In 2014, when we started Andela, the concept of remote work was well known in the engineering world, but rarely practiced. The perception was that in order to do collaborative work, you had to be around other people five days a week. Fast forward seven years and one viral catastrophe, it’s become obvious that not embracing remote in some capacity — and therefore constraining hiring to twenty miles from a company’s physical offices — is irresponsible. The challenge: how do you hire the right people when you have the whole world to choose from?
As soon as you open global hiring, all of a sudden you get 10x the applicants, but companies don’t have the systems to source the right candidates, assess them properly, and navigate global compliance and labor laws. In short, global hiring in 2021 is an obviously good idea, but complicated to do well on your own.
Engineers encounter similar challenges.
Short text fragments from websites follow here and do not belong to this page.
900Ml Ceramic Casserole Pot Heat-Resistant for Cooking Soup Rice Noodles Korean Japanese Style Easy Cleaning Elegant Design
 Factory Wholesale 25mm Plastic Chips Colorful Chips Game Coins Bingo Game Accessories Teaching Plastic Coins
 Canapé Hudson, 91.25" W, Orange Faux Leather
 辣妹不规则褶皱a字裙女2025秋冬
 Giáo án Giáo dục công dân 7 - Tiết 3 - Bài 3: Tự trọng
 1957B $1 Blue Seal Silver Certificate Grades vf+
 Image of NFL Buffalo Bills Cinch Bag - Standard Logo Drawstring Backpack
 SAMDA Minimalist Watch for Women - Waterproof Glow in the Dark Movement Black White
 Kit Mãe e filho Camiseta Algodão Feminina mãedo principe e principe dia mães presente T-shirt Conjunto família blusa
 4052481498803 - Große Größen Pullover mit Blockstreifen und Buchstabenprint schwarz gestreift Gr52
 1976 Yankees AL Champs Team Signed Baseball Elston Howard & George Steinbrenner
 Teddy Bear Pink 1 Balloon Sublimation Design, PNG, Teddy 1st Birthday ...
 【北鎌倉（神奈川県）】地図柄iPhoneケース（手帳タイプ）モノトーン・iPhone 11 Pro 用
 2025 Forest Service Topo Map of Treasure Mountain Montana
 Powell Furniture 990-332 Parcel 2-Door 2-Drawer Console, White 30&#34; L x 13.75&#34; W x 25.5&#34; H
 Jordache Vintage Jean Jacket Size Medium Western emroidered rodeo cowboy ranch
How do you stand out in a pool of thousands, especially if your resume doesn’t include globally recognized brands? People are eager to work with top companies without needing to leave their home, let alone their country. Driven, talented people want to have the best of both worlds – professional growth in their careers but also the freedom and flexibility to live life on their terms.
It’s for exactly these reasons that Andela is growing faster than we ever have before, and that we decided to raise a $200M Series E, led by Softbank, in order to reshape how companies find and hire the world’s best technical talent.
For those just joining the conversation, Andela is a marketplace for remote technical talent. That’s different from where we started. We began training junior developers in Lagos, Nigeria, and cities across Africa, and placing them with primarily early-stage companies in the US. In doing so, we built the foundation for Andela in an environment where we had to do far more than connect supply and demand — we had to develop trust and ensure quality and consistency across cultures and continents.
For instance, how do you assess not just for current skills but also for learning ability and future potential? How do you measure soft skills and ability to integrate with a team for people who are one year out of school? How do you help companies learn how to manage remote, junior engineers from a continent they’ve never been to? If we didn’t do any of these things well, the entire system would have broken. Our early focus on developing high-potential junior talent forced us to learn at an accelerated rate, and as we expanded to more experienced talent globally, we were already well prepared — in some cases over prepared — for the task.
The Andela network represents engineers from more than 80 countries and six continents. Through Andela, thousands of engineers have been placed with leading technology companies including Github, Cloudflare and ViacomCBS. Our ability to evaluate technical and soft skills of engineers, and match them with the teams they’ll be most successful in, has resulted in a 96% successful placement rate. And while we are a marketplace, we’re very different from a traditional gig platform. The average Andela engineer spends 18 months on an engagement.
We started Andela in 2014 because we believe that brilliance is evenly distributed, but artificially constrained by borders, real and imagined. We are doing more to reduce those barriers today than ever before. By the end of this year, we will have engineers from more than 100 countries working with some of the best companies in the world — and on average, earning 64% more than they did in their previous job. By the end of next year, it will feel normal that the best engineer on your team is from somewhere you haven’t been to.
In the future, global hiring will be the default position. It will be faster, easier, and more effective to hire globally through Andela than it is for companies to hire locally today. As a result, companies will have access to better talent, and talent will have access to more compelling roles – and race, gender, and nationality will become less deterministic of opportunity.